When deciding what inventory to buy in eCommerce there are a number of factors to consider. In fact, there are so many that often a lot of key data is ignored which could lead to an uninformed buying decision.
As part of his predictions for data interpretation and segmentation, Jonathan Bellwood spoke about how data can be used to inform buying in eCommerce. The aim of this post is to highlight how it can be done using three levels.
Level 1 - Historical data
A lot of eCommerce companies just use historical data to reach a decision on what inventory to purchase. For example, they look at what stock they currently have in the warehouse and how much they sold over a period of time. For instance, to work out what to buy in October, they may look at what sold well in October last year.
From here, the decision maker will have an idea of what inventory they are going to buy so they will next look into where they can source it. They might consider two suppliers, one who offers a quicker delivery but charges more against another that takes longer to deliver but is ultimately cheaper.
This is usually the last step in the buying process, but there is so much data that hasn’t been interpreted and so the decision is not fully informed.
Level 2 - Historical data + days in stock
The next level takes into account the number of days a product is in stock. This is best obtained using a warehouse management system as the stock levels should be 100% accurate. Let’s look at the example of Product A and Product B.
Over a period of 8 weeks (you could choose to measure in days or months also), 200 units of Product A were sold whereas Product B was only in stock for three weeks but sold out of its 80 units during that time.

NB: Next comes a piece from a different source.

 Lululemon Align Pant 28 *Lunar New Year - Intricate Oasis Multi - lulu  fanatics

Assuming eCommerce companies are using just historical data as above, they would conclude that Product A sold much better than Product B over the 8 week period since more units were sold. A bigger problem occurs when they look back at sales over the last month, say, for ordering top-ups and see that Product A sold well but Product B wasn't even in stock during those last four weeks and, therefore, could not be sold.
Level 3 - Historical data + days in stock + website data
Combining levels 1 and 2 will provide you with a more accurate picture of what inventory to buy, but to make the most informed decision possible you must go one step further. This involves analysing your eCommerce website data with regards to clicks and conversion.

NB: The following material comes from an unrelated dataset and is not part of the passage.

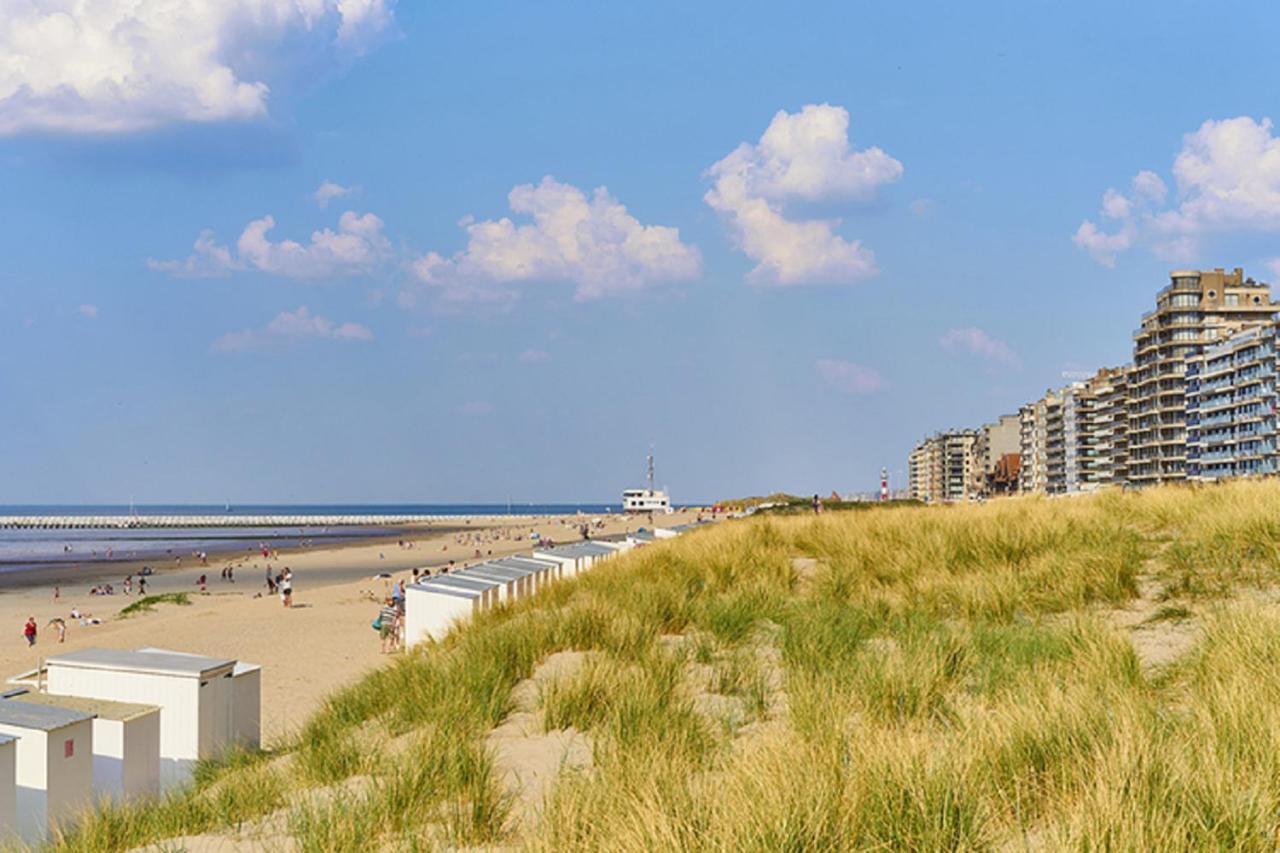 Appartamento Duinenblik 5 Nieuwpoort Esterno foto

Assuming that Product A and Product B are listed on separate pages, companies should monitor which of the two products receive the most clicks and the highest conversion when the item is in stock. For example, Product A might have lots of clicks but a low conversion as it only sold at an average rate over 8 weeks. However, while Product B was in stock, the conversion would likely be very high considering it sold out quickly. If the number of clicks on the page remained high after the item was out of stock, this would suggest a consistent demand.

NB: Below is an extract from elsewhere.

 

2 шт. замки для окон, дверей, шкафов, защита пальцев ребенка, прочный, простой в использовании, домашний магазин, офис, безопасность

This rich data should then be combined with the information from levels 1 and 2 to derive the best process for buying inventory in eCommerce.
By using this method and assuming that it received the highest conversion online, it would be sensible to buy more of Product B considering it sold out quickly when it was in stock.
>> Look into historical data to see what is in stock, what has been sold, and which suppliers can offer the best deal.
>> Compare how the items sold on the days they were in stock.
>> Analyse website data to find out which items achieved a higher conversion when they were available to buy online.
>> Combine all of this data to make the most informed inventory buying decision.